The Northern Expedition lasted until December 1928, reunified China, and ousted numerous warlords from power. However, several warlords such as Xiong Kewu and Yang Sen allied themselves with the KMT to maintain or regain power. The operation also caused further chaos and great disruption in Hubei and Sichuan which was exploited by various groups such as Lao Yangren whose bandit army had grown to about 20,000 fighters by late 1926. In addition, autonomous village militias, other secret societies such as the Gelaohui and Baijihui, as well as river pirates (huba) were active in the province. However, one major change to the warfare in the region was the introduction of new ideological elements. Many KMT troops which moved through central China were part of the party's left wing or outright Communists. When the KMT's right wing launched a purge against the leftists in the Shanghai massacre of April 1927, a civil war broke out within the KMT. The Chinese Communist Party left the United Front with the KMT, and rebelled. Hubei became one of the major centers of the early Communist insurgency.

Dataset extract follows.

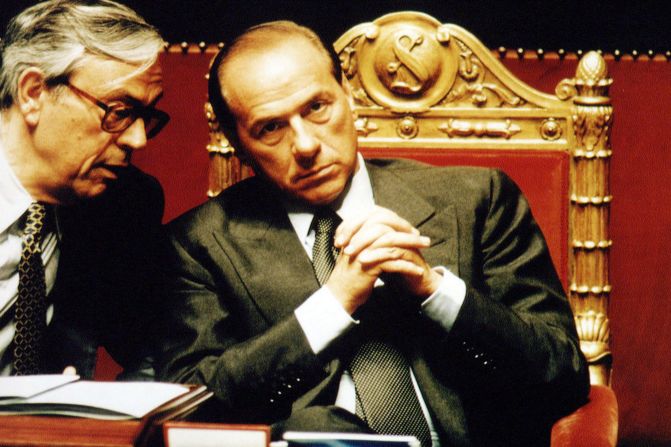 Berlusconi chats with lawmaker Cesare Previti at the Italian Senate during a vote of confidence for Berlusconi's government in May 1994.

By this point, the Spirit Soldier movement still had a significant presence in the region, and Spirit Soldier bands soon allied themselves with the Red Armies of He Long and Xu Xiangqian. Although the Communists regarded secret societies with suspicion as conservative and predatory elements, they presented convenient allies whose aims were at least somewhat compatible with the Left-wing uprising. He Long in particular forged close links with the Spirit Soldiers. (Note: He Long's closeness to various secret societies might have been related to his own membership in one of them, namely the Gelaohui.) He came to view them as "social bandits" who wanted to protect their people. In fact, many Spirit Soldiers actually became part of the Red Armies. As unrest remained high throughout the country, the Spirit Soldier movement also continued to spread on its own, expanding to northern and central Sichuan, western Henan, and eastern Guizhou. Spirit Soldier groups persisted in these regions during the 1930s.

One of the last known Spirit Soldier rebellions took place in February 1959, when the 1,200-strong "Regiment of Spirit Soldiers" launched an anti-Communist uprising at Sizhuang, Henan.